WORK ORDER:
Give again the lines from the line with "9-Grid Red Eyeshadow" to the last line of the records, exactly and in full. Do not carry over any pictures.
Start of STUDY MATERIAL
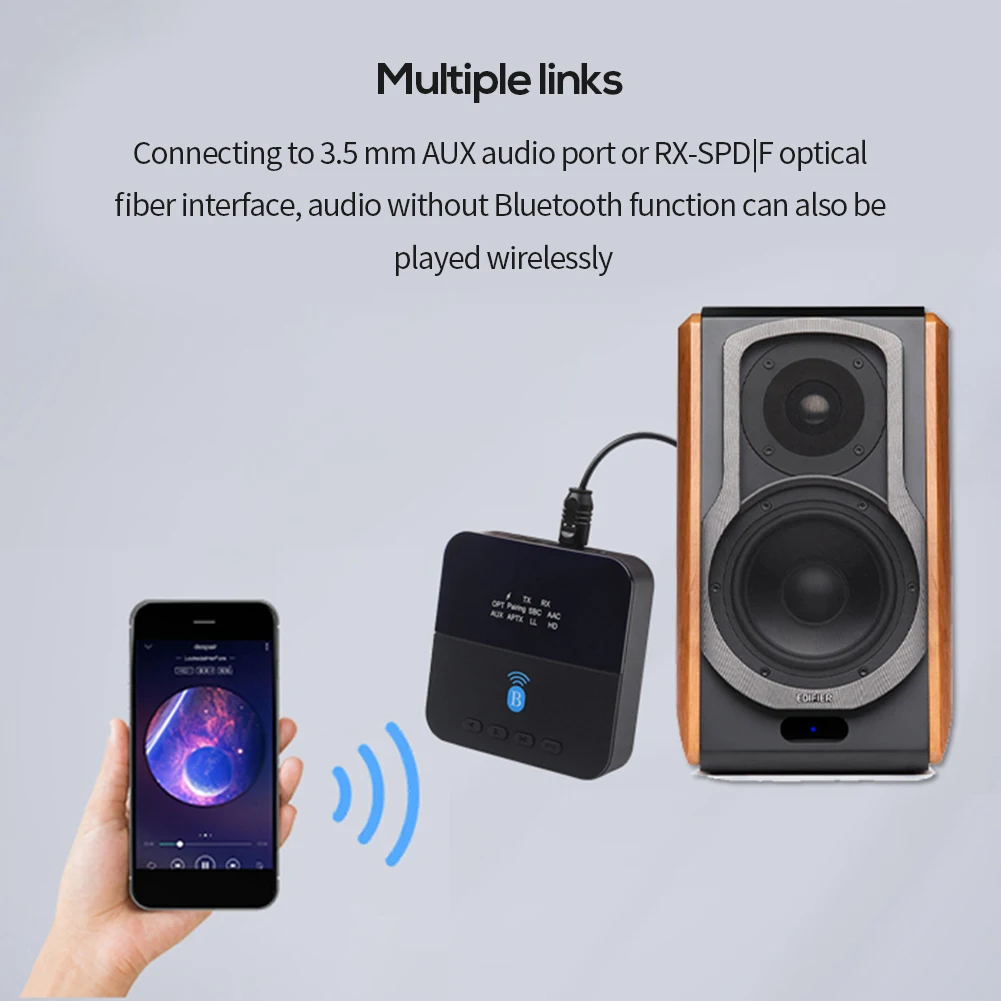 2 в 1 Bluetooth-приемник-передатчик 3 5 мм AUX RCA TV Audio HiFi адаптер динамик разъем для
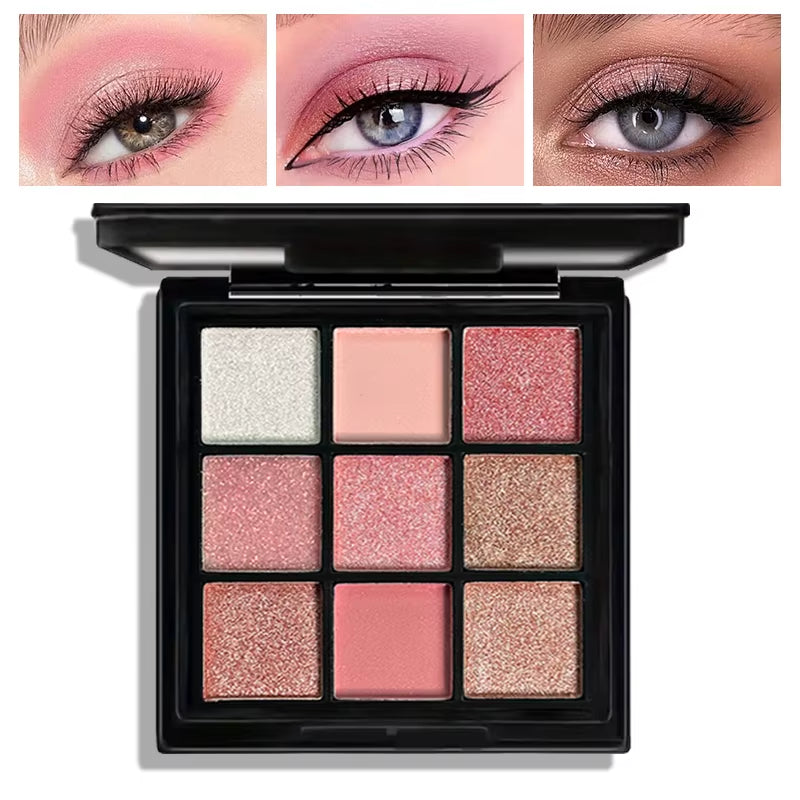 9-Grid Red Eyeshadow Palette Purple Glitter Pearlescent Matte Eye Shadow Shimmer Makeup Long Lasting Women Beauty Eye Cosmetics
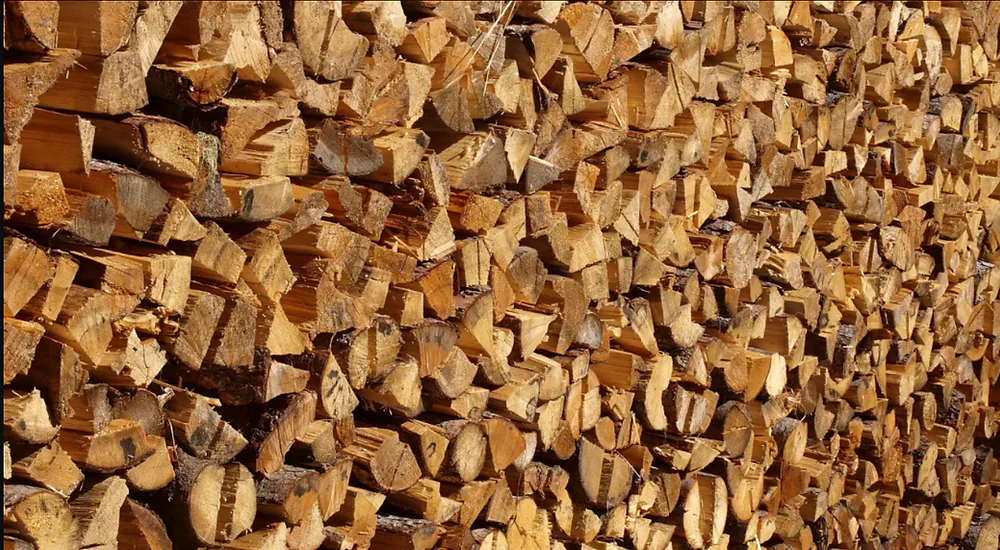 Stacked split firewood ready for use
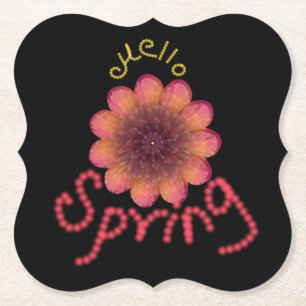 Dessous-de-verre En Papier Bonjour Printemps - Fleur Texturée Rose et Orange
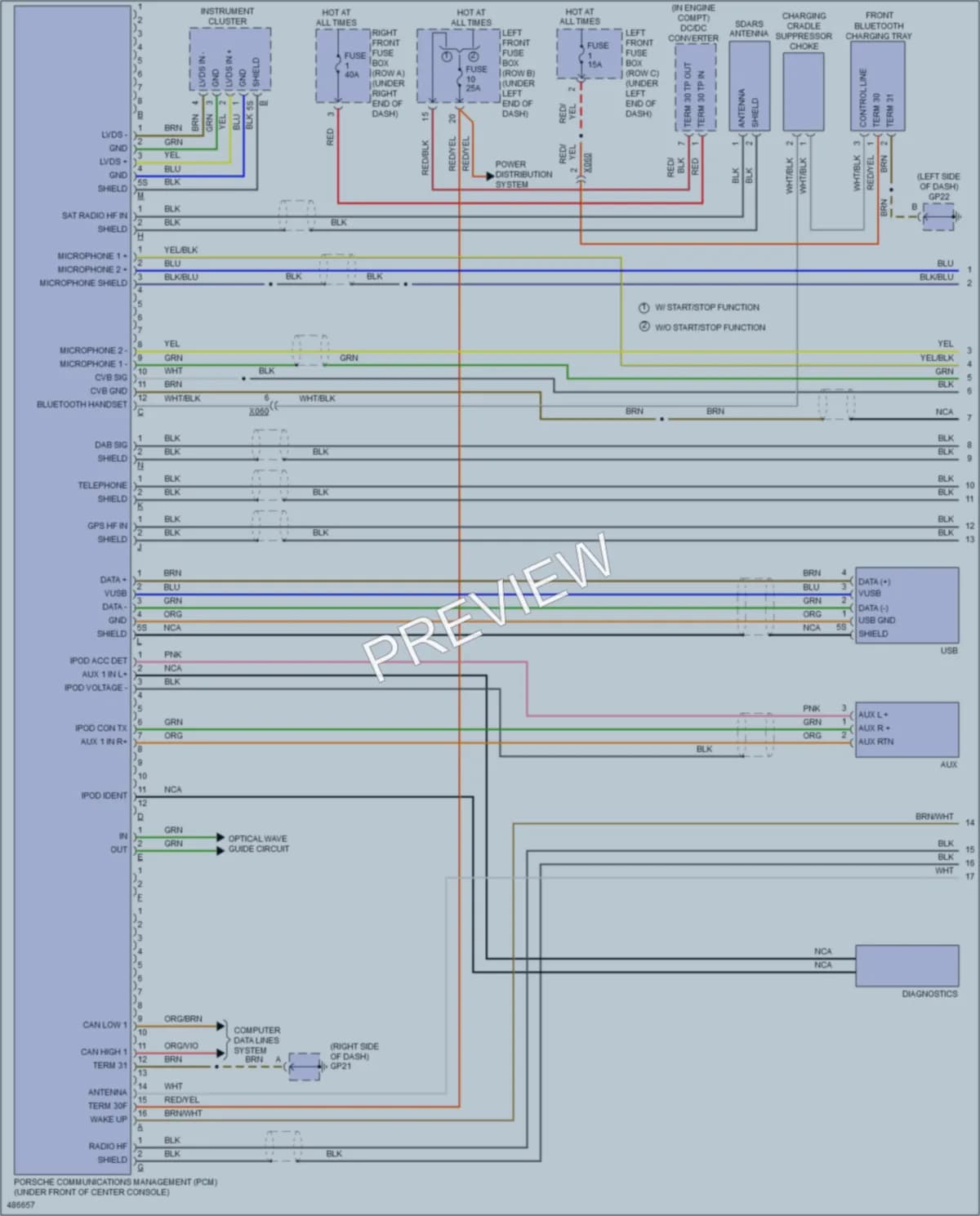 2015 Porsche Boxster Radio wiring diagram preview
End of STUDY MATERIAL
FINISHED EXERCISE:
 9-Grid Red Eyeshadow Palette Purple Glitter Pearlescent Matte Eye Shadow Shimmer Makeup Long Lasting Women Beauty Eye Cosmetics
 Stacked split firewood ready for use
 Dessous-de-verre En Papier Bonjour Printemps - Fleur Texturée Rose et Orange
 2015 Porsche Boxster Radio wiring diagram preview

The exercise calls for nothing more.